Credit was crucial to the success of Western economies in the past 150 years. Without credit, there would have been no Industrial Revolution, no postwar recovery, and no information-technology era. Houses wouldn’t have been built, and shops wouldn’t have been stocked. All of them used borrowed money.
It is important to reflect on what credit actually is. The word means belief that debts will be repaid, or at least that certain crucial categories of debt, like the sovereign bonds issued by the governments of developed countries, will be. Take away belief and, literally as well as metaphorically, you have no credit. The difficult economic situation we now face derives from the breakdown of belief in the ability of some countries, notably Greece, to repay sovereign debts. But the ability to pay back isn’t something absolute and immutable.

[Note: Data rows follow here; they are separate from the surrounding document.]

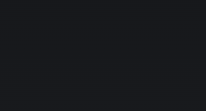 user-profile-image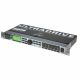 Behringer DCX2496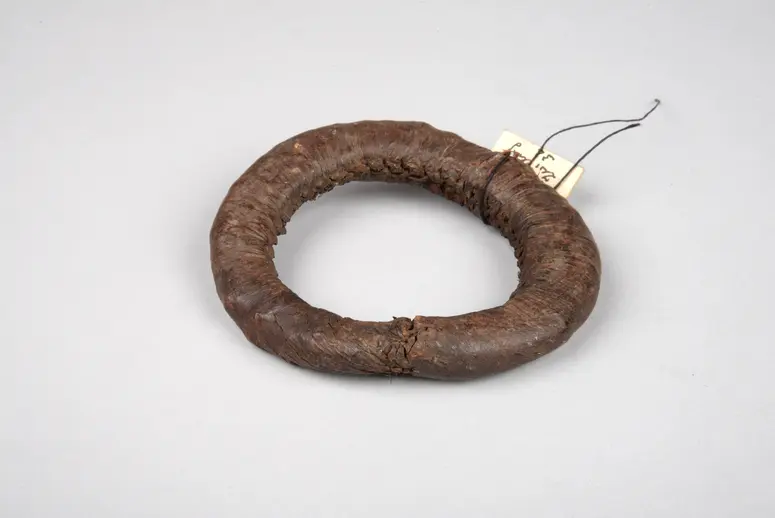 Ring (Schmuck)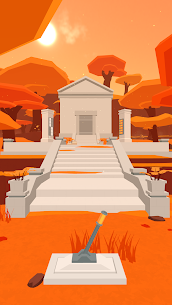 Faraway 4: Ancient Escape 1.0.6160 Apk + Mod 4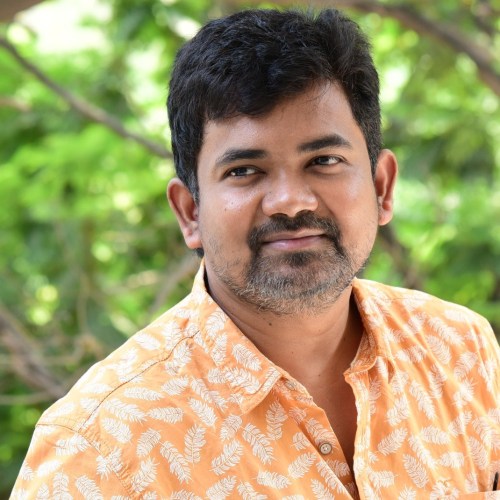 Director-Suku-Purvaj-Interview-Stills-8
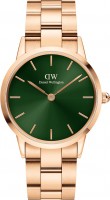 Photos - Wrist Watch Daniel Wellington DW00100419 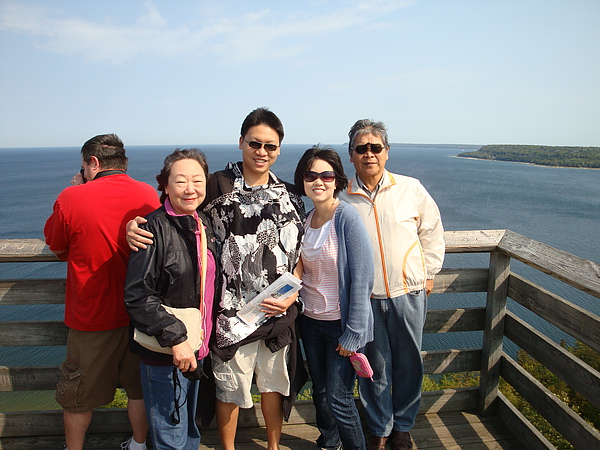 DSC06865.JPG DSC06865.JPG
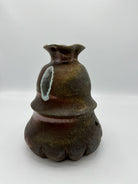 Melting Flower | Vase Majestic Hudson Lifestyle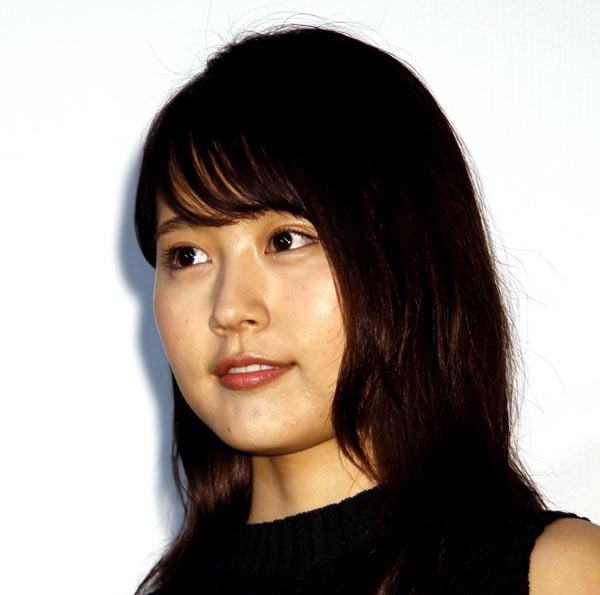 絶好調の有村架純の一方で、髙橋海人は“担降り”続出…「アイドルが天職」の虚しい響き(日刊ゲンダイDIGITAL)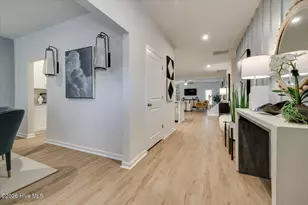 3115 National Dr, Harlem, GA 30814 - Photo 6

Is there a will to repay Greek debt? That is a political judgment. But the arithmetic is also important. If the interest rate is too high, or the rate of growth in the economy and state revenue is too low, even the strongest political will to repay can be overcome. The more the markets demand a higher risk premium against the possibility that a debt won’t be repaid, the higher the interest rate will be, and the more likely market participants will be to guard themselves against nonpayment.
Mirror Images
So, in a sense, the herd-like behavior of the markets, in demanding ever-higher risk premiums for holding Greek debt, is making more likely the very event whose consequences they are madly trying to avoid. This is the weakness of rating companies. They aren’t Olympian searchers for some objective truth. They are just mirrors, held up to the faces of panicky traders, reflecting back to them the terror in their own eyes.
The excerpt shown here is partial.